HERAKLEIA ANTIKSTADT
Die antike Stadt, die an der Grenze zwischen Ionia und Karien liegt, wird aufgrund ihrer historischen Hintergründe typischerweise als karische Stadt betrachtet. Sie ist nach dem berühmten Mythologiehelden Herkules benannt. Die Stadt trug ursprünglich im 8. Jahrhundert v. Chr. den Namen Latmos und wurde von Mausolos, dem persischen Satrapen, erobert. Nach Alexanders Feldzug in Asien fiel sie unter die Herrschaft des Alexanderrreiches und später der Seleukiden.

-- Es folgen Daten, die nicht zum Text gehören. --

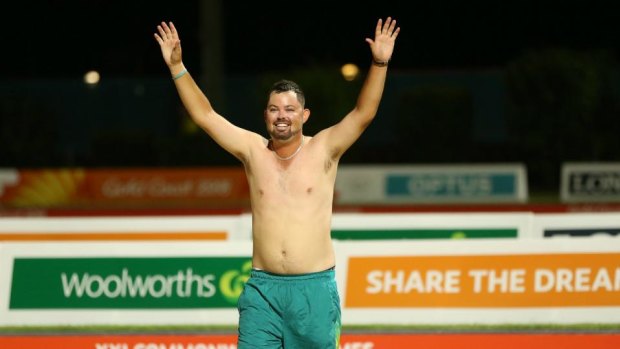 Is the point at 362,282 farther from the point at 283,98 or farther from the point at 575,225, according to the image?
the point at 283,98

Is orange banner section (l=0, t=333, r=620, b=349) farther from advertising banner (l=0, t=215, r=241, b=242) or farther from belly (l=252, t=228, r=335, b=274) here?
belly (l=252, t=228, r=335, b=274)

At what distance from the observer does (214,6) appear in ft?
108

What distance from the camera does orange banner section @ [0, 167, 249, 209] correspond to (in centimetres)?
2752

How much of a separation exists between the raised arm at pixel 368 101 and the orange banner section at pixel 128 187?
21.4 metres

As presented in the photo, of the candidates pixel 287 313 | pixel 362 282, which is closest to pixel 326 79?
pixel 362 282

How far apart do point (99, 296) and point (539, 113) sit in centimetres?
2635

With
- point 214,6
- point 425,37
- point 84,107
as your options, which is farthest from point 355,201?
point 425,37

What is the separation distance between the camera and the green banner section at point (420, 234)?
39.3 feet

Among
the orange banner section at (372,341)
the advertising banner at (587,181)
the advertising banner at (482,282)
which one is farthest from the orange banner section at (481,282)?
the advertising banner at (587,181)

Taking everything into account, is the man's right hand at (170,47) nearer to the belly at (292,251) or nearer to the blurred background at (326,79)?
the belly at (292,251)

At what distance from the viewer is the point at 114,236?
1209 centimetres

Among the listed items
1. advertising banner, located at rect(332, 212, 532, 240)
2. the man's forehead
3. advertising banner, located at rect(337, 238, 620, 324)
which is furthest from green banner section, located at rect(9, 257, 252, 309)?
the man's forehead

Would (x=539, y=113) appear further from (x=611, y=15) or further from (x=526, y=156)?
(x=611, y=15)

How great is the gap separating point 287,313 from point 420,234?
6394 mm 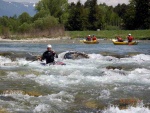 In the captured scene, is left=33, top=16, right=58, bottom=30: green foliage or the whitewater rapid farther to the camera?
left=33, top=16, right=58, bottom=30: green foliage

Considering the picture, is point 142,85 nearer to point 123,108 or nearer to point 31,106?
point 123,108

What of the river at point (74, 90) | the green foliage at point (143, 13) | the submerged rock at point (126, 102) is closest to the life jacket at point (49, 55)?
the river at point (74, 90)

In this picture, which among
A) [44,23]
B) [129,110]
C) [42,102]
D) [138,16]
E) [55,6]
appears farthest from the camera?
[55,6]

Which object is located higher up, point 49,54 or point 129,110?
point 49,54

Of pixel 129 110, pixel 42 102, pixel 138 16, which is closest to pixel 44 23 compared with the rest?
pixel 138 16

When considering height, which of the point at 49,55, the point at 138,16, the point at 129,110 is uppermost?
the point at 138,16

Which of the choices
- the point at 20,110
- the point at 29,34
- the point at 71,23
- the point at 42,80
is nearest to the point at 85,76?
the point at 42,80

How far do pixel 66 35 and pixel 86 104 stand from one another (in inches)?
1655

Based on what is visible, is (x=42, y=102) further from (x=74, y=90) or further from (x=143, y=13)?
(x=143, y=13)

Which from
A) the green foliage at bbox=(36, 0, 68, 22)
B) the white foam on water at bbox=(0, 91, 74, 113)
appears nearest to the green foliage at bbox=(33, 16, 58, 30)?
the green foliage at bbox=(36, 0, 68, 22)

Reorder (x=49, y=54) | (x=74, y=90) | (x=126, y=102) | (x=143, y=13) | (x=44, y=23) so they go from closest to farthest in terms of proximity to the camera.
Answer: (x=126, y=102) → (x=74, y=90) → (x=49, y=54) → (x=44, y=23) → (x=143, y=13)

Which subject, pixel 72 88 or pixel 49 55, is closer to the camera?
pixel 72 88

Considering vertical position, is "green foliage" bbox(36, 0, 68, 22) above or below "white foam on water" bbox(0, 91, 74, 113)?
above

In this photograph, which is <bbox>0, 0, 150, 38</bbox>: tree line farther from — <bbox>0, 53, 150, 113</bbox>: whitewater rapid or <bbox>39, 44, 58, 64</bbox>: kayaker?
<bbox>0, 53, 150, 113</bbox>: whitewater rapid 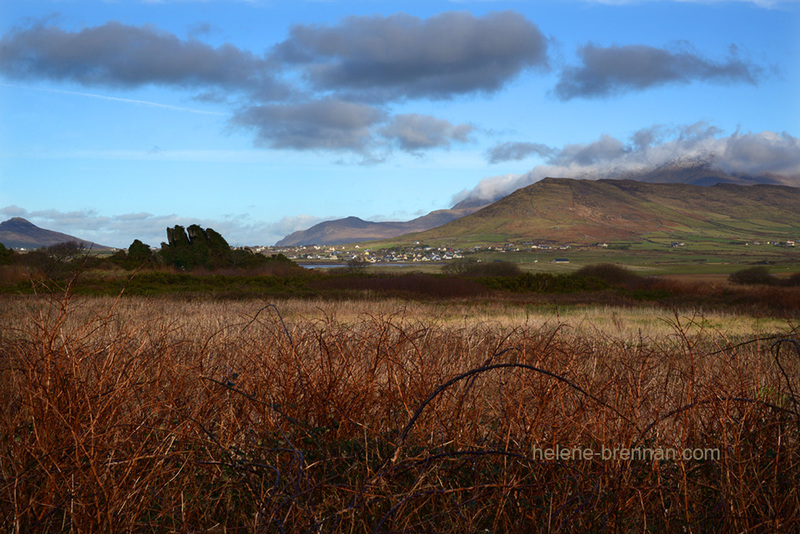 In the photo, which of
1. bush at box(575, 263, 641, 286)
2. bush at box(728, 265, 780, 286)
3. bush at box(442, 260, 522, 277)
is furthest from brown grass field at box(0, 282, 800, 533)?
bush at box(728, 265, 780, 286)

Bafa-See Naturpark und die antike Stadt Herakleia
Die antike Stadt Herakleia verlor ihre Bedeutung, nachdem sie im 1. Jahrhundert v. Chr. vom Meer abgeschnitten wurde. Infolgedessen verfiel sie und wurde weitgehend unterbevölkert. Sie wurde jedoch später als ein Ort bekannt, an dem Christen Zuflucht suchten und lebten, da es gefährlich war, zu reisen oder von anderen gesehen zu werden, als der Glaube bis zum 4. Jahrhundert von den Römern verboten wurde.

Die Latmos Antike Stadt steht auf rauem und felsigem Gelände und ist von einer 6,5 km langen Mauer umgeben, die mit 65 Türmen befestigt ist. Die Stadtmauern wurden in der hellenistischen Periode aus regelmäßigem rechteckigem und quadratischem Steinwerk errichtet. Herakleia wurde nach dem Hippodamischen Stadtplan entworfen und ist ein ausgezeichnetes Beispiel für eine gitterförmige Parzellen- und Straßenplanung, bei der sich die Straßen im rechten Winkel kreuzen.

Der Tempel der Athena, der während der hellenistischen Periode erbaut wurde, ist eines der am besten erhaltenen Gebäude der Stadt, mit zwei Säulen und einem für die Zeit typischen Stil. Die Agora, die sich hinter dem Tempel befindet, hat zwei Stockwerke, von denen heute nur noch eines erhalten ist. Weitere Hinweise auf das Leben in dieser Zeit sind ebenfalls sichtbar – die Gebäude, die einst Geschäfte beherbergten, stehen noch, während die südlichen Wände die Verbesserung der Steinmetzarbeiten im Vergleich zu früheren Jahren zeigen.